EXTRACTED RECORDS:

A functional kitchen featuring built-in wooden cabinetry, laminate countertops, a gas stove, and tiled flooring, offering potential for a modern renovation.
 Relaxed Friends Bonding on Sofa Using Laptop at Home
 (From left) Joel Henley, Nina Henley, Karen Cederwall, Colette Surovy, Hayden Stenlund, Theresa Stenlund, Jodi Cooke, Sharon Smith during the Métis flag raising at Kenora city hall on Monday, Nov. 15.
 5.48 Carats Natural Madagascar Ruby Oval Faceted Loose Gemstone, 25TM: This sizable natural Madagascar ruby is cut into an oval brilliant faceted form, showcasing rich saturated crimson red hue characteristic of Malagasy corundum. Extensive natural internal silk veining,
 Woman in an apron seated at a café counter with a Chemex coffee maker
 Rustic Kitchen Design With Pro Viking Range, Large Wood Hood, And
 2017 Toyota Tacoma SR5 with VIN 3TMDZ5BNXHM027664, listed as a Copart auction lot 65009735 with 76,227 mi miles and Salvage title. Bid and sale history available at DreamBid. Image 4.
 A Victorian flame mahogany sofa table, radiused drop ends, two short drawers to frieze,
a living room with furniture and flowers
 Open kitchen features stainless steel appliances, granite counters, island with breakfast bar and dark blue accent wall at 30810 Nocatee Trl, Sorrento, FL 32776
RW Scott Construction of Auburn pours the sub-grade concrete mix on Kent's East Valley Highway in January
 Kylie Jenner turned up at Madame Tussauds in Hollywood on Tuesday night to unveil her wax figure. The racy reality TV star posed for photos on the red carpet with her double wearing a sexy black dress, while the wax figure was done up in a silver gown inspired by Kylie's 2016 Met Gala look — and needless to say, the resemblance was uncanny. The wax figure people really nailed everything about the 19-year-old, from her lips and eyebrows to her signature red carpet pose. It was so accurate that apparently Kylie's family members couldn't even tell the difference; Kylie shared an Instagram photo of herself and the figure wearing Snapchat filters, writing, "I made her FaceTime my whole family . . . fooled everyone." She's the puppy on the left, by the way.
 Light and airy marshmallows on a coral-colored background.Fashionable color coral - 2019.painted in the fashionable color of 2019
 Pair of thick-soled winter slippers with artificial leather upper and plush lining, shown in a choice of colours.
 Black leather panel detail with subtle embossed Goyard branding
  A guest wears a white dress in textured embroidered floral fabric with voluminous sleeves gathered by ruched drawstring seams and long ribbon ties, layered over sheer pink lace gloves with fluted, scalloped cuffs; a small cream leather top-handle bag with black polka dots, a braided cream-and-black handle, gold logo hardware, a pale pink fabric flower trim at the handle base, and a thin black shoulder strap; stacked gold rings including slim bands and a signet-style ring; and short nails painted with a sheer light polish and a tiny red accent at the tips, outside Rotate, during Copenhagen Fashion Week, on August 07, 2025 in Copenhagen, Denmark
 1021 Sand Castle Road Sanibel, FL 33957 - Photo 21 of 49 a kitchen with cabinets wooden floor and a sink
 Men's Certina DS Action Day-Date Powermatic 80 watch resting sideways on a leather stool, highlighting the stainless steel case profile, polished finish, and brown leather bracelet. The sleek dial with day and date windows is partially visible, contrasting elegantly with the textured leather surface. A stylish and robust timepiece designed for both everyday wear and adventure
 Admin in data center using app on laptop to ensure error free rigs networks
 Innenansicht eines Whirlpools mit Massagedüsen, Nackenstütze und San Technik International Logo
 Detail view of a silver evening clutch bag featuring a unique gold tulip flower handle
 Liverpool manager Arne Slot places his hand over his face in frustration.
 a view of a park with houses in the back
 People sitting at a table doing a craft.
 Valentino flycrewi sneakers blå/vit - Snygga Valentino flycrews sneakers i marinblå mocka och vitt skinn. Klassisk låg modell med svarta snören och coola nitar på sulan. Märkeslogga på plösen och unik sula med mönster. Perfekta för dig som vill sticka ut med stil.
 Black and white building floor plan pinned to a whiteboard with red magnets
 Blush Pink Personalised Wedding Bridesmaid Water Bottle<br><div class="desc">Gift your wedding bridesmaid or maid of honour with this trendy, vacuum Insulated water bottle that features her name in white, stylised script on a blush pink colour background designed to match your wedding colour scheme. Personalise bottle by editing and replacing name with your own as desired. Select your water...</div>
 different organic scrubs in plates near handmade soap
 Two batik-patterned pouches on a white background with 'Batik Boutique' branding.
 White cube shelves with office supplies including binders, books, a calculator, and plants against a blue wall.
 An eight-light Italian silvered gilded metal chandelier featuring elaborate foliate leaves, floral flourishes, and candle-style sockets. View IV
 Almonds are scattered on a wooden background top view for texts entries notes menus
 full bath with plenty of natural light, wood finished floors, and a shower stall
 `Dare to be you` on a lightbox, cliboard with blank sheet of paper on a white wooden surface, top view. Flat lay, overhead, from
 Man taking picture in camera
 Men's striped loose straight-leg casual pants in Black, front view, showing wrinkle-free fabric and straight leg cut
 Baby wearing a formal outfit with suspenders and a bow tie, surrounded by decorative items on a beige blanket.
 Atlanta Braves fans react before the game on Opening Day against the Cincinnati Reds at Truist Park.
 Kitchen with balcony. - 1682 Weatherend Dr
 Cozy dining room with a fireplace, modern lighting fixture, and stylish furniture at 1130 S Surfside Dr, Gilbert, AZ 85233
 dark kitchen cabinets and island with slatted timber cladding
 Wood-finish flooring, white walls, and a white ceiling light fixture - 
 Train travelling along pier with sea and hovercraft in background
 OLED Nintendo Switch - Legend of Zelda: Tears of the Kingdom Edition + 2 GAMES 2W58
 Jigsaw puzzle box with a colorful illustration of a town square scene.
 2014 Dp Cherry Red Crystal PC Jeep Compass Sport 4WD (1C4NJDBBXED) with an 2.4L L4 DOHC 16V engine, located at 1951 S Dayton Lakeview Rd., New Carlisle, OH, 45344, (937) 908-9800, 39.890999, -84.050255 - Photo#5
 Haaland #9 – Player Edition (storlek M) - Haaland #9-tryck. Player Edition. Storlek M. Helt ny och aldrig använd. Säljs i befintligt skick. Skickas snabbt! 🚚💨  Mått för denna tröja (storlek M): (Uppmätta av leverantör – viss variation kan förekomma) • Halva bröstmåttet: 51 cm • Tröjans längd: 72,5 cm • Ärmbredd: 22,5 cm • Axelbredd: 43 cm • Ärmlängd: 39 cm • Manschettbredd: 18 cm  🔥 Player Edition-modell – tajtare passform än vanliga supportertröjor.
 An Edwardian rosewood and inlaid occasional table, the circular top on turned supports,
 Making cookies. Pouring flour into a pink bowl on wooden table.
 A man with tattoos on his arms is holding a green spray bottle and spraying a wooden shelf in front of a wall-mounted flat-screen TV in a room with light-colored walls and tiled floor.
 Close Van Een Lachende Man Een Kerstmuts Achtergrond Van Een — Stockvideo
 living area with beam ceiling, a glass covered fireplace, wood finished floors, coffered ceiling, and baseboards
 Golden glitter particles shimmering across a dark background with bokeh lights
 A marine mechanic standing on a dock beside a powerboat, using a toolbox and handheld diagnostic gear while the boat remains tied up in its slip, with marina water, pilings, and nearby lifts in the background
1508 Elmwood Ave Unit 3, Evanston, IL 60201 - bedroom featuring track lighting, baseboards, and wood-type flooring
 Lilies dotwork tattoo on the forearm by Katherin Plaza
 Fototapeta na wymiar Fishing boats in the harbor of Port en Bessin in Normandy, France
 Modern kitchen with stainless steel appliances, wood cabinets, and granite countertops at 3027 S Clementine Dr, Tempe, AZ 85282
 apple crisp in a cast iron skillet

EXERCISE INSTRUCTIONS:
All lines above from the one with "Rustic Kitchen Design" to the one with "Black leather panel", inclusive, should be copied exactly, and no other lines.

ANSWER FOR THE TASK:
 Rustic Kitchen Design With Pro Viking Range, Large Wood Hood, And
 2017 Toyota Tacoma SR5 with VIN 3TMDZ5BNXHM027664, listed as a Copart auction lot 65009735 with 76,227 mi miles and Salvage title. Bid and sale history available at DreamBid. Image 4.
 A Victorian flame mahogany sofa table, radiused drop ends, two short drawers to frieze,
a living room with furniture and flowers
 Open kitchen features stainless steel appliances, granite counters, island with breakfast bar and dark blue accent wall at 30810 Nocatee Trl, Sorrento, FL 32776
RW Scott Construction of Auburn pours the sub-grade concrete mix on Kent's East Valley Highway in January
 Kylie Jenner turned up at Madame Tussauds in Hollywood on Tuesday night to unveil her wax figure. The racy reality TV star posed for photos on the red carpet with her double wearing a sexy black dress, while the wax figure was done up in a silver gown inspired by Kylie's 2016 Met Gala look — and needless to say, the resemblance was uncanny. The wax figure people really nailed everything about the 19-year-old, from her lips and eyebrows to her signature red carpet pose. It was so accurate that apparently Kylie's family members couldn't even tell the difference; Kylie shared an Instagram photo of herself and the figure wearing Snapchat filters, writing, "I made her FaceTime my whole family . . . fooled everyone." She's the puppy on the left, by the way.
 Light and airy marshmallows on a coral-colored background.Fashionable color coral - 2019.painted in the fashionable color of 2019
 Pair of thick-soled winter slippers with artificial leather upper and plush lining, shown in a choice of colours.
 Black leather panel detail with subtle embossed Goyard branding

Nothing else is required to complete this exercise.